### Available records
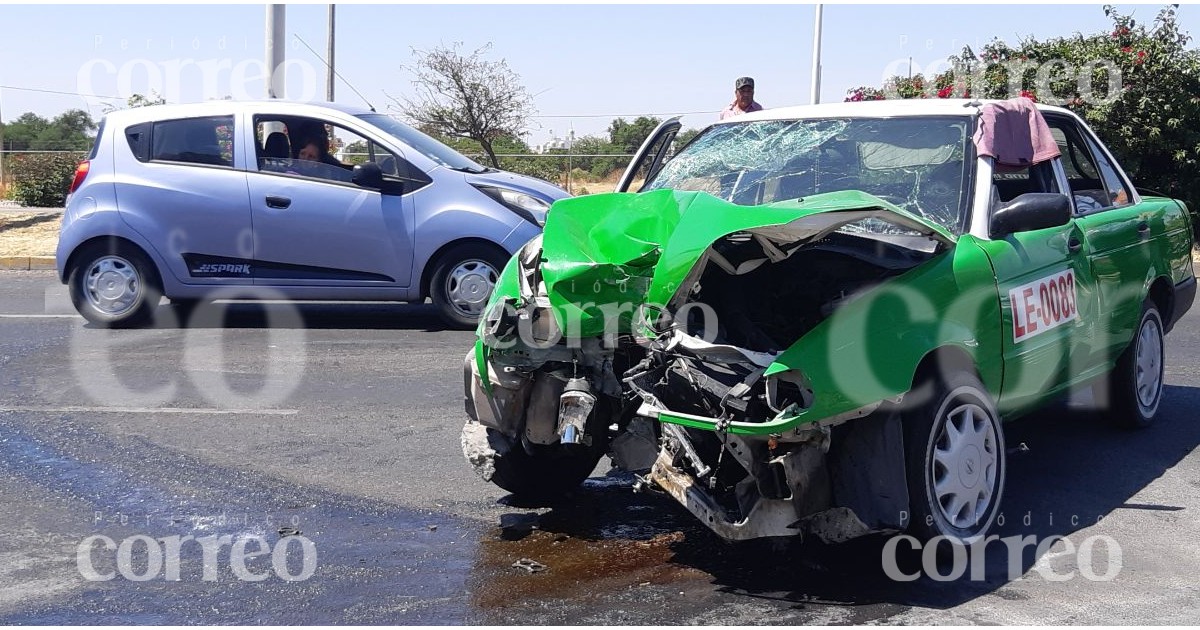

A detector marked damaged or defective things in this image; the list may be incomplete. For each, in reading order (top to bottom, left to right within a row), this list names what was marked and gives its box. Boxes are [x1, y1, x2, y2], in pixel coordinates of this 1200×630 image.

shattered windshield [644, 116, 972, 235]
crumpled hood [540, 190, 952, 338]
destroyed green taxi [458, 100, 1192, 548]
bent metal [77, 536, 316, 584]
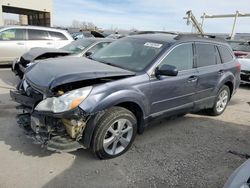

### Prompt
Retype the records above exactly, pictures omitted.

### Result of the exercise
A detector marked damaged or defective things in this image; the list may be incomplete. For each, in reading order (top to bottom, left to right within a row), this list names what was marked and gives its box. Boxes are [x1, y1, x2, y2], in pixel coordinates of this 1200×630 image.

shattered windshield [644, 116, 972, 235]
crumpled hood [540, 190, 952, 338]
destroyed green taxi [458, 100, 1192, 548]
bent metal [77, 536, 316, 584]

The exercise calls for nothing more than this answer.